Re: EEA(PR) for non-EU citizen after changing citizenship

Post by secret.simon » Wed Sep 09, 2015 3:39 pm

I would not dare contemplate HO logic. It is past all comprehension.

Look at my arguments, grounded in English grammar and the text of the regulations, being overturned by an HO email that does not spell out how they came to the conclusion that they did.
noajthan wrote:I'm aware not everything is spelt out in statute law which is why we also have case law (& even common law) at least in our Western European/Anglo Saxon jurisprudence.
Case law is not a Western European legal concept. It is specifically an English law concept.

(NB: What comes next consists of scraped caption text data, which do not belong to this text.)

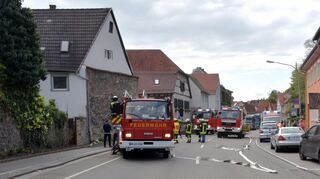 Der Schwelbrand in dem Haus an der Stadtmauer war schnell gelöscht.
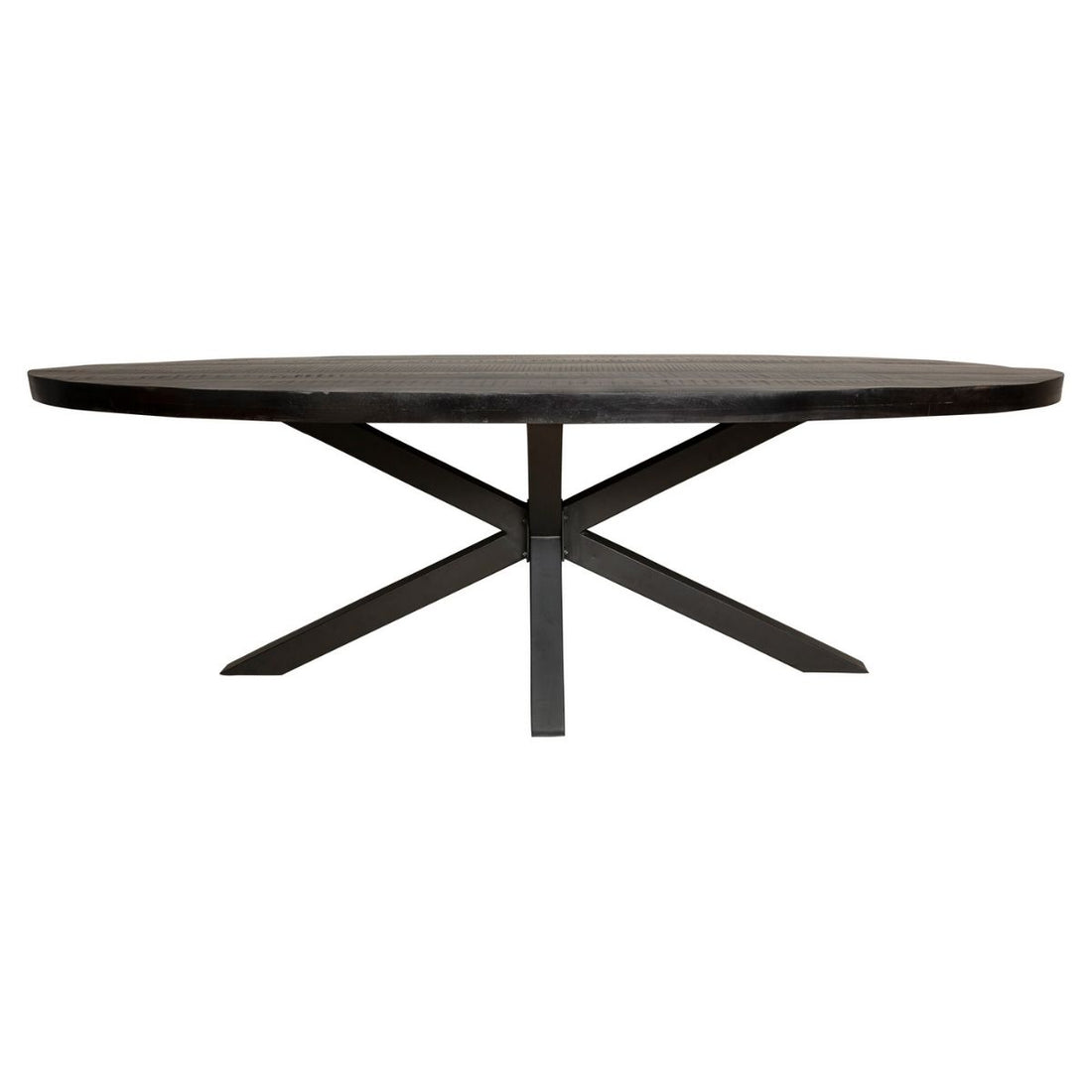 Eettafel Denver Zwart Ovaal 180cm van Starfurn, elegante ovale tafel voor het hele gezin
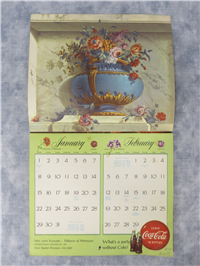 1956 Home Calendar of Wold Famous Flower Paintings Coca-Cola Advertising Calendar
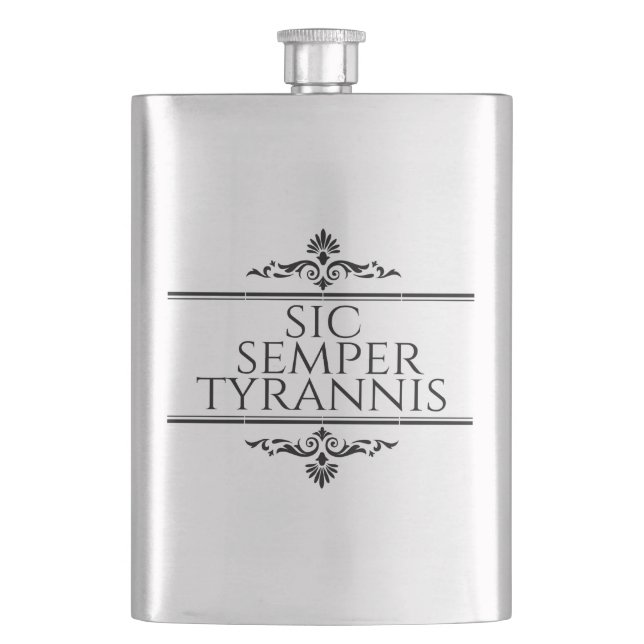 Flasque Sic Semper Tyrannis (devant)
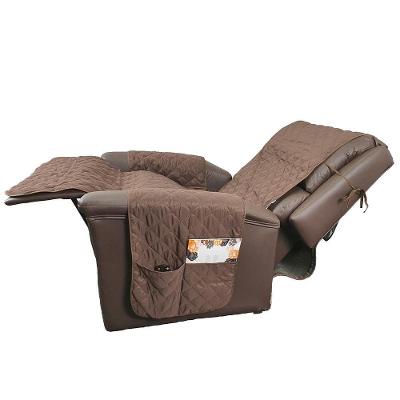 Protetor de Sofá Microfibra p/ Poltrona Retrátil 60cm Tabaco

It doesn't even apply to Scots law.

The idea that a higher court's decisions bind the lower courts is found only in courts following the common law (common law incidentally because it applied both to Normans and Anglo-Saxons) tradition.

Civil law (almost all the rest of Western Europe except Ireland, Japan, China and all countries colonised by the French) place greater emphasis on interpreting the text of the law. Judgements of higher courts are taken as persuasive guidance, not binding law. That is why a German court and an English court may render the Surinder Singh judgment completely differently. The philosophy of the law is different. That is also why I am not entirely convinced that a pan-European court system is a good idea.

In any case, the civil law system is moving towards a more case law approach. It is called jurisprudence constante. But it still places a higher value on the text of a law than on any judgments related to it.

So, be careful when you mention Western European jurisprudence. It is more varied than you think.